**INSTRUCTIONS FOR THE TASK**
From the records below, set down exactly the lines starting with the line that contains "Bottle Green Gota" and going on through the line that contains "Sofa Cover - Bubble". Nothing else is wanted.

(Beginning of INFORMATION SHOWN)

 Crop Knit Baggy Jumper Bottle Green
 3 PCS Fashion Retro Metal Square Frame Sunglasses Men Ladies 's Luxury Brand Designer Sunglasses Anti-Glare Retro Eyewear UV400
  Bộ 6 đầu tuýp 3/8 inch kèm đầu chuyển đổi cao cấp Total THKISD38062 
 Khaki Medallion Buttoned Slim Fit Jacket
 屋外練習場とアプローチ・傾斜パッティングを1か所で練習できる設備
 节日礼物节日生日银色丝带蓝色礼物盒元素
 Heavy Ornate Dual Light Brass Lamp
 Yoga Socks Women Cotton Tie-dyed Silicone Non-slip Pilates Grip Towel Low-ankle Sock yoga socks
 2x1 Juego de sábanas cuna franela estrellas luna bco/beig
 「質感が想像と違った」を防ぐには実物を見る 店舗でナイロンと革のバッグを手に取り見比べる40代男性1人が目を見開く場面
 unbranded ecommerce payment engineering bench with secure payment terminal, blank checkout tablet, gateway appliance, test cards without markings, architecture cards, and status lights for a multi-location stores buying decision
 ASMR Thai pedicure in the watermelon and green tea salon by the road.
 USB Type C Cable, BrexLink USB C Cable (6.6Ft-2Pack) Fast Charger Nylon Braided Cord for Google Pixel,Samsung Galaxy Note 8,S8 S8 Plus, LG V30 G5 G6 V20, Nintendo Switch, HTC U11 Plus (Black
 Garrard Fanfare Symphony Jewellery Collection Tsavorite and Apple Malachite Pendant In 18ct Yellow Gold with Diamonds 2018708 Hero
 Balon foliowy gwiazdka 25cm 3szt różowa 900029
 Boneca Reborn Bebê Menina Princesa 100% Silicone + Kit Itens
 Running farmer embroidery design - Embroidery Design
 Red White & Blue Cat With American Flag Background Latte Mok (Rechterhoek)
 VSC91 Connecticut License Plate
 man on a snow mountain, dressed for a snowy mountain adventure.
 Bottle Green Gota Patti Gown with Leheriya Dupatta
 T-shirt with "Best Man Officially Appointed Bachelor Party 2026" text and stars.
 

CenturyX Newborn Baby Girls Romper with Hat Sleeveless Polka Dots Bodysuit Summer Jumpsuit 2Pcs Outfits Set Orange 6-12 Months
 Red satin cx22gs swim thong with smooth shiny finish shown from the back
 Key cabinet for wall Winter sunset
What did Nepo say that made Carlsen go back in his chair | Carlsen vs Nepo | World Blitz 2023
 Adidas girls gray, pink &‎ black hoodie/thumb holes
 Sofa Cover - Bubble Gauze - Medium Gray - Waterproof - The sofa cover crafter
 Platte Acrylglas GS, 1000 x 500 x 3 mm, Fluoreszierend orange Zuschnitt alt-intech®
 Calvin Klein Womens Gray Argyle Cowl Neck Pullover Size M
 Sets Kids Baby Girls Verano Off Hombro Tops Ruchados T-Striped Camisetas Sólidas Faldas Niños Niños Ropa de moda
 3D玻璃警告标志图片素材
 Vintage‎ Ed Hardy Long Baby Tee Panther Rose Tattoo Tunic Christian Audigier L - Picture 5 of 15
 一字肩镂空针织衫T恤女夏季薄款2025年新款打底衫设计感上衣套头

(End of INFORMATION SHOWN)

**EXERCISE ANSWER**
 Bottle Green Gota Patti Gown with Leheriya Dupatta
 T-shirt with "Best Man Officially Appointed Bachelor Party 2026" text and stars.
 

CenturyX Newborn Baby Girls Romper with Hat Sleeveless Polka Dots Bodysuit Summer Jumpsuit 2Pcs Outfits Set Orange 6-12 Months
 Red satin cx22gs swim thong with smooth shiny finish shown from the back
 Key cabinet for wall Winter sunset
What did Nepo say that made Carlsen go back in his chair | Carlsen vs Nepo | World Blitz 2023
 Adidas girls gray, pink &‎ black hoodie/thumb holes
 Sofa Cover - Bubble Gauze - Medium Gray - Waterproof - The sofa cover crafter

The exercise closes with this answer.